Das bringt mich zu den gedruckten Würdigungen. Die Zeitungen und Magazine feiern den Jubilar vielleicht auf die schönste Weise. Gedrucktes wird doch immer noch ein klein wenig sorgfältiger und gewogener hergestellt als das „Er ist der Größte“-Geblubber auf einer Fernsehgala. Das optische Angebot ist auf dem Papier weitaus reichhaltiger, denn die Abbildungen speisen sich aus drei Quellen. Während das Fernsehen sich mit Loriot als Autor / Darsteller begnügt, erleben wir ihn hier außerdem als unbewegten Cartoonisten. Der Zeichner Loriot hat uns ein weiteres, schier unüberschaubares Werk rund um seine Knollenmännchen und –frauchen hinterlassen. Außerdem wird im Feuilleton als Zugabe zu den bekannten Szenenfotos immer mal wieder ein überraschendes Privat- oder Werkstattfoto ausgegraben. Das Nachher-Bild vom Set der „Zimmerverwüstung“ etwa kannte ich noch nicht: Loriot sitzt fröhlich und wohlbehalten in der Wüstenei, die wir so gut kennen wie unser eigenes (unaufgeräumtes) Wohnzimmer.
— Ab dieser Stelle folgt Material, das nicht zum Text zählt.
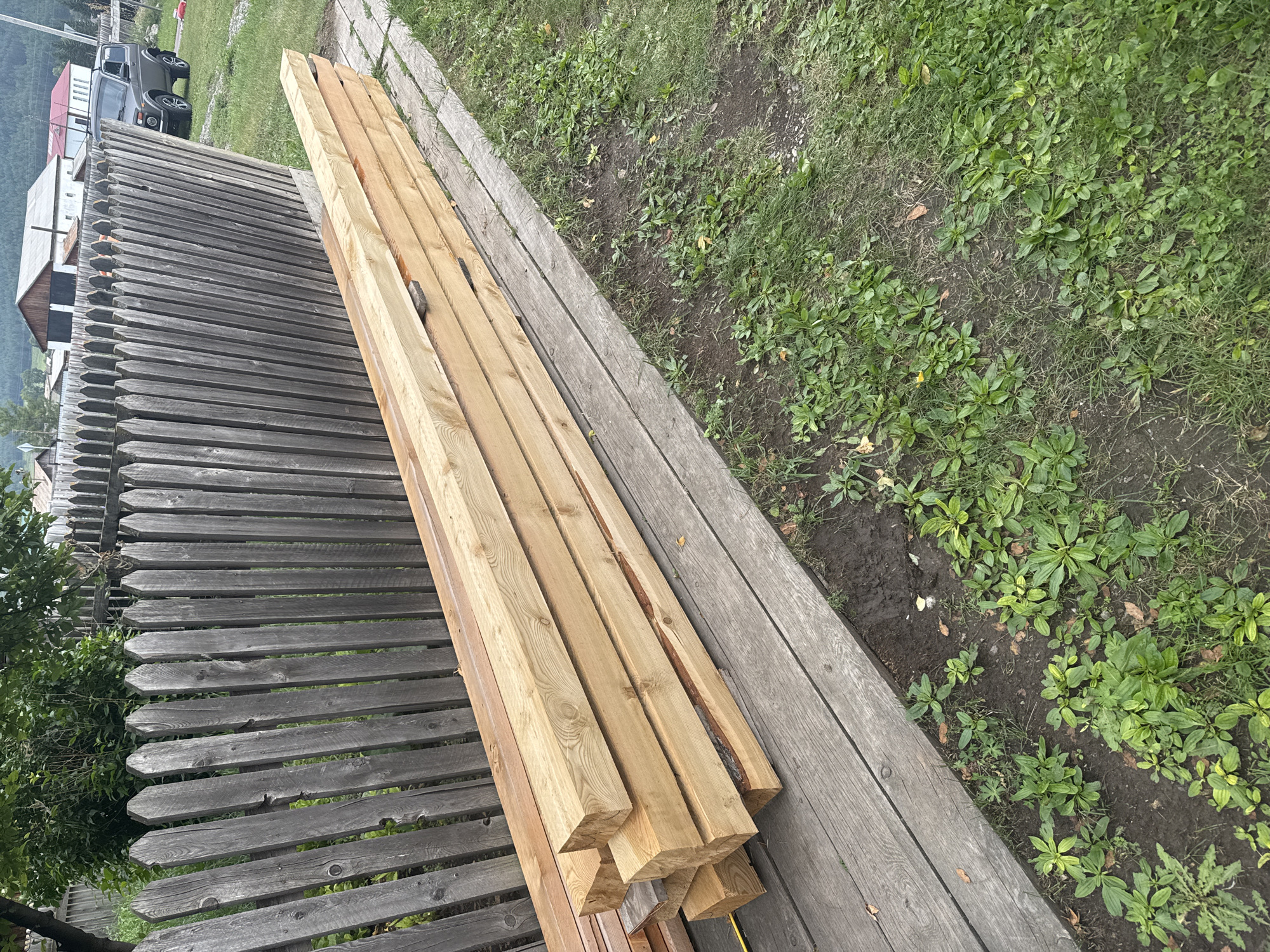 A stack of lumber lies on a wooden walkway next to a weathered wooden fence in Yabogan, Russia. The lumber, comprised of at least nine rectangular beams, is light brown and appears to be new. Behind the fence, trees and buildings can be seen. To the right of the walkway, grass and dirt are visible. A grey SUV is parked on a gravel area to the right of the fence, with buildings in the background.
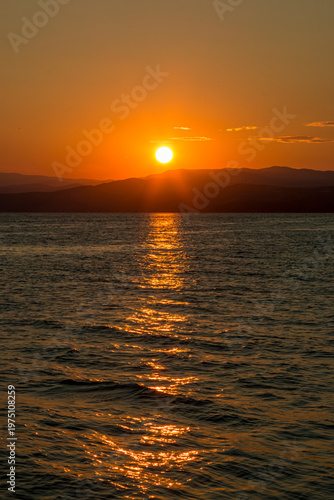 Golden sunset over a serene Aegean sea, with gentle waves and clouds illuminated by the warm evening glow.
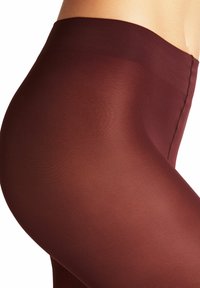 Collant bordeaux con una texture liscia e trasparente, caratterizzati da una vita alta e un sottile motivo a coste lungo le cuciture.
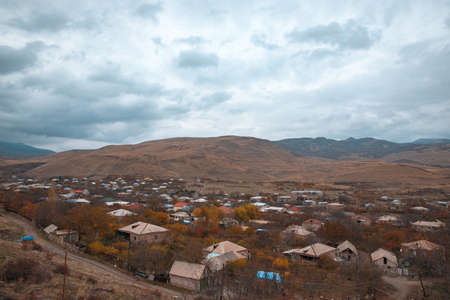 Village and mountain in autumn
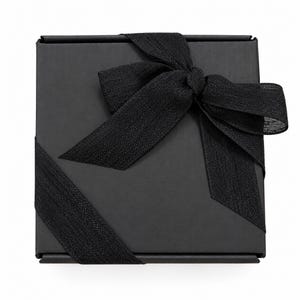 May include: A square black gift box featuring a matte finish, wrapped with a textured black ribbon tied into a decorative bow on the top surface. The ribbon extends diagonally across the box, creating a clean and uniform appearance.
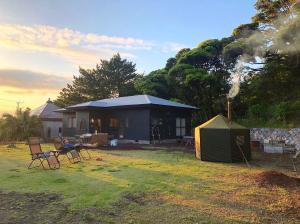 a tent and chairs in front of a house at Big Island Base 一組限定の庭付き一棟貸し BBQ 焚き火 テントサウナ 最大6名 in Oshima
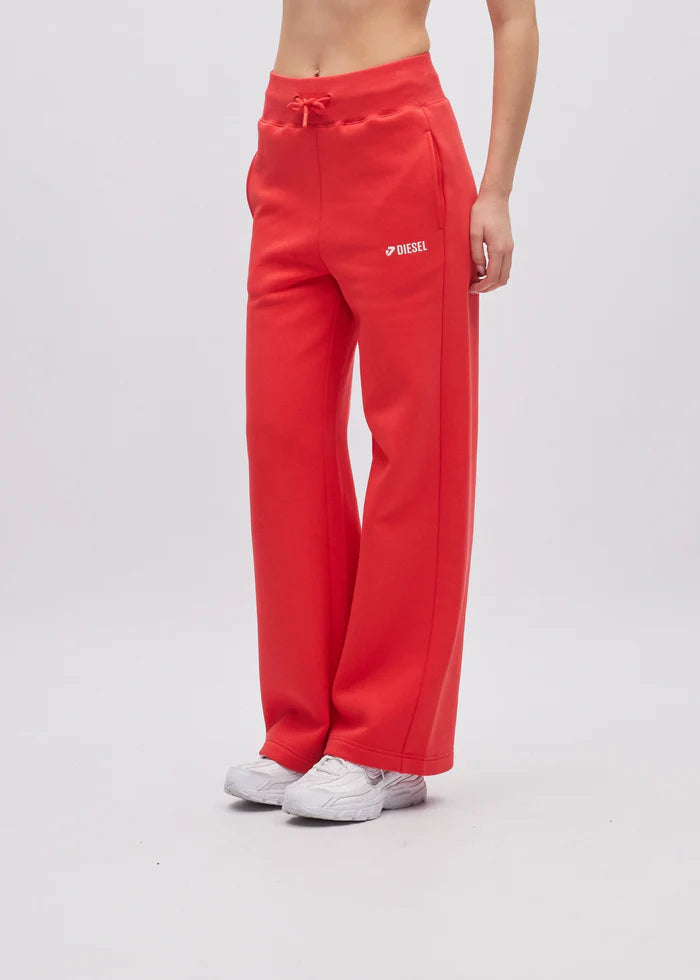 Red sweatpants with a brand logo worn by a person on a white background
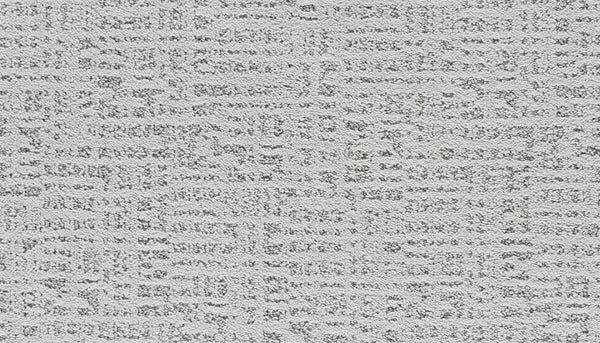 Close-up of Luxuriant Path Pet Friendly Carpet in Flute, a light gray, stain-resistant carpet with a textured surface and subtle irregular grid pattern featuring raised, slightly darker sections.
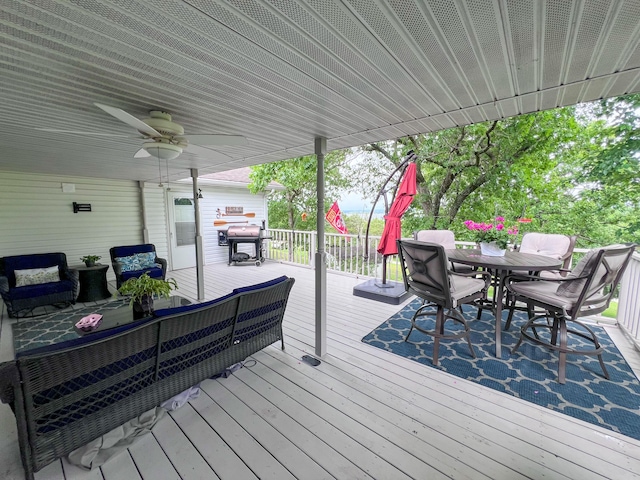 21650 Kings Loop, Hermitage, MO 65668 - wooden deck featuring outdoor dining area, ceiling fan, and a grill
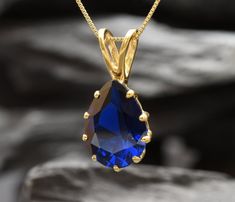 Gold Sapphire Pendant set with a Created Sapphire - flawless diamond cut, clarity & deep blue color, 16x12mm, 10 Carats. Teardrop Necklace ☞ Gold Vermeil: thickest 18k Gold Plating on Solid 925 Sterling Silver ☞ made to last. Matching Ring: www.etsy.com/uk/listing/1072538449 Matching Earrings - please ask me Details :  ♥ Each item comes in a cute GIFT BOX ✓ ♥ GUARANTEE on the materials ✓ ♥ Created Sapphire - teardrop diamond cut & flawless ✓ ♥ Pure Solid 925 Sterling Silver ☞ Silver Hallmark on Sapphire Necklace Gold, Morganite Pendant, Teardrop Diamond, Blue Sapphire Necklace, Ring Matching, Flawless Diamond, Blue Topaz Pendant, Large Stone, Matching Ring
Zurück zu Bernd Eilert, der angesichts von „Steinlaus“, „Filmmonster“ & Co. sogar nachdenklich wird: „Ob sie auch künftige Generationen noch zum Lachen bringen werden, ist schwer vorherzusagen. Die biedermeierlichen Benimmregeln, deren Erlernen und Befolgen in der alten Bundesrepublik noch als Verbindlich galt, verschwinden seit 1968. (…) sprachliche Sonder- und Irrwege gibt es zwar immer noch, sie haben aber den Leerformeln und Fachjargons, die Loriot mit Vorliebe parodierte und zitierte, wenig mehr gemein.“  

Thomas Gottschalk, ein weiteres Idol der Ära, ist uns mal wieder voraus. Er meinte kürzlich in einem großen ZEIT-Interview: „Gucke ich einen Loriot-Film, ist das von einer unglaublichen Langatmigkeit“.  Aber Gottschalk hat zuletzt ja auch sonst nichts Fröhliches mehr auf der Platte – wie das häufig so ist, wenn man ein Leben lang vom Publikum geliebt wurde. Im selben Gespräch sagt er rückblickend über seine Karriere: „Ich habe das Tor zur Hölle aufgestoßen, also musste ich auch durchgehen“.
Na, dann doch lieber einen ollen Loriot-Sketch zur Feier des Tages! Oder zwei. Ich wähle meine Lieblingssketche: „Der sprechende Hund“ und „Der K 2000“ (in der TV-Version natürlich).